The No. 1 reason teams can’t spend their available cap room is the amount of “dead money” they incur that eats up that room. Past renegotiations in which the Saints have extended contracts by turning salary into bonuses, pro-rated over future years, leaves “dead money” when that player is cut. The day of reckoning is delayed, but eventually at hand.
The Saints’ 2015 cap number, according to the website OvertheCap.com, was just under $145 million. However, they only spent $104.5 million on players, which means that nearly a quarter of their designated cap was unavailable because it was eaten up by past deals. The Saints’ “dead money” totaled over $34 million, which was at least $5.5 million more than any other team. And they are not out of the woods for 2016.
Junior Galette’s deal, renegotiated shortly before he was cut for conduct problems, took up $5.45 million of the 2015 cap, although that paled compared to the $9 million that died when the team traded Jimmie Graham. Galette may be gone, but he will not be forgotten when the Saints take a look at their 2016 cap. Galette’s pro-rated bonus takes up $12 million of the 2016 cap. And that’s even before the team has made their first decision on which vets they cut this year. They will save the player’s salary, but every one has money pushed forward. If the team cuts Marques Colston, Zack Strief and Jahri Evans, they will eat another $13 million in pro-rated signing bonuses. With Galette, that adds up to $25 million with more likely to follow, pushing them closer to their 2015 handicap.
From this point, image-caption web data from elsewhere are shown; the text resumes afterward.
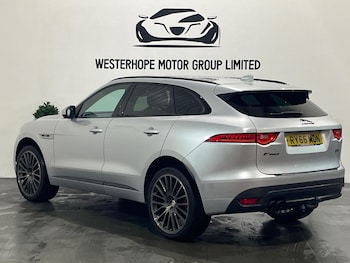 Used Jaguar F-Pace 2016 for sale - 76742408: Photo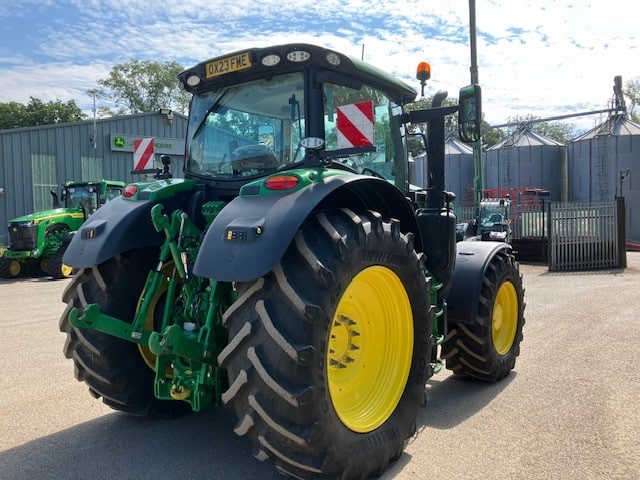 John Deere 6R 195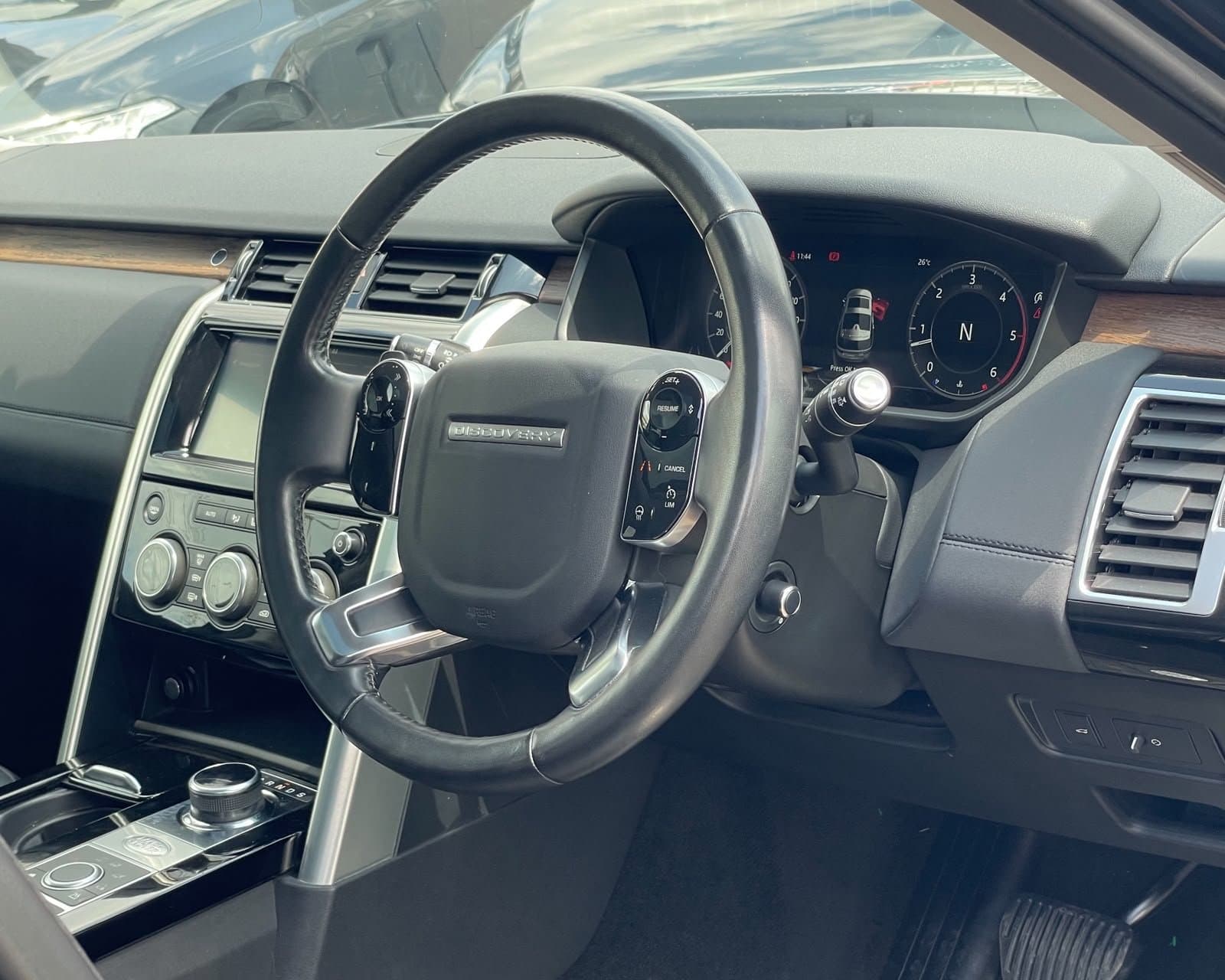 2019 LANDROVER DISCOVERY HSE thumbnail 8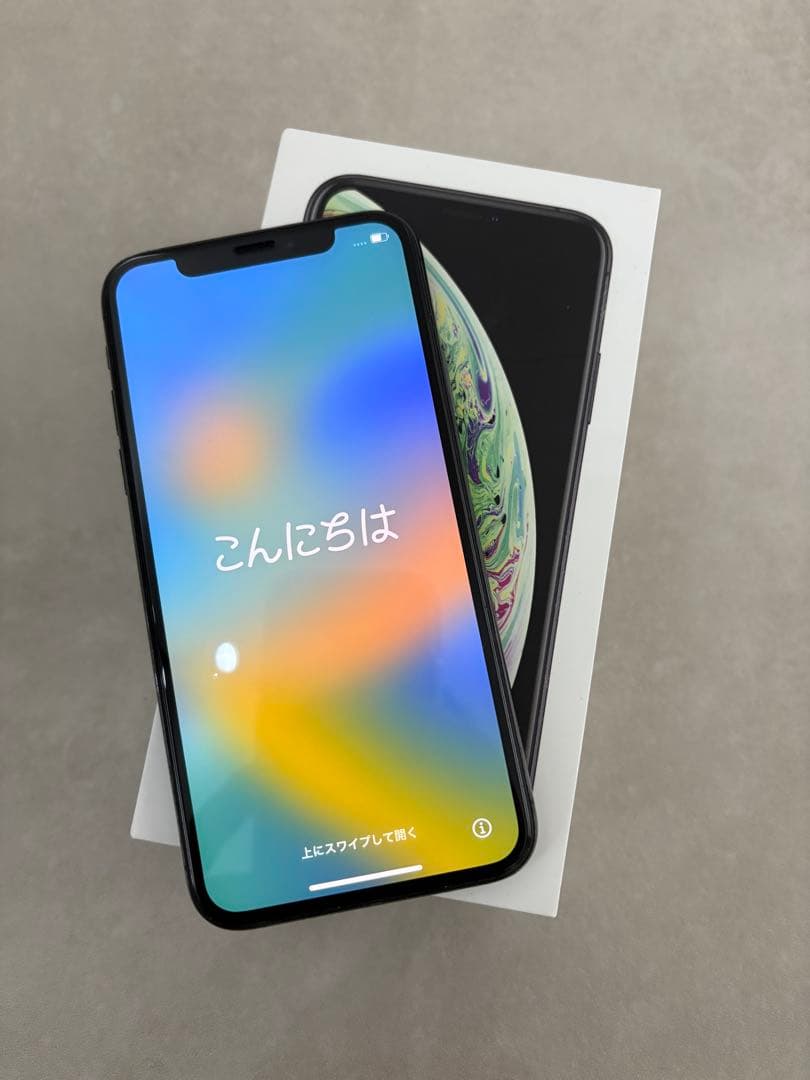 iPhone XS 256GB スペースグレー SIMフリー 美品/画面保護付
Many cap watchers blame Drew Brees’ huge contract for the Saints’ problems, and that is now being recognized as a trap to avoid for other NFL teams. Last week, the Wall Street Journal ran a story about the dilemma teams face paying a top quarterback. The story’s sub-headline hit the nail on the head for the Saints by saying “a massive QB contract can cripple the rest of the team.” “There is no question that Brees’ big contract left the team hamstrung when it tried to fill spots around him,” said the Journal. “Thus, the cutting of still-productive players for Cap reasons has contributed to the deterioration of a Super Bowl winner.”
Other facts from the Journal story support the quarterback pay problem. New England’s Tom Brady will count $14 million to the Patriots’ 2016 cap, but 13 other quarterbacks this season take up even more space from their team’s salary cap. Nine of them failed to lead their teams to the playoffs this season, and, of the four who did reach the postseason, three barely snuck in as either a No. 5 or No. 6 seed. Then there’s Peyton Manning, who had been relegated to backup duty behind Brock Osweiler until he made a dramatic cameo off the bench last week. None of the top three highest paid quarterbacks - Brees, Atlanta’s Matt Ryan and San Diego’s Philip Rivers - are on playoff teams. In fact, none of them led their teams to winning records.
And that’s the dilemma the Saints face in the off-season. They will renegotiate with Brees to create more room this year and push more of his money into future years, creating more problems down the road. Renegotiating for cap space has become such an annual event for some teams that the NFL might as well add Salary Cap Relief Day to their calendar of critical NFL events such as Super Bowl, NFL Draft and Game Ball Inflation Day.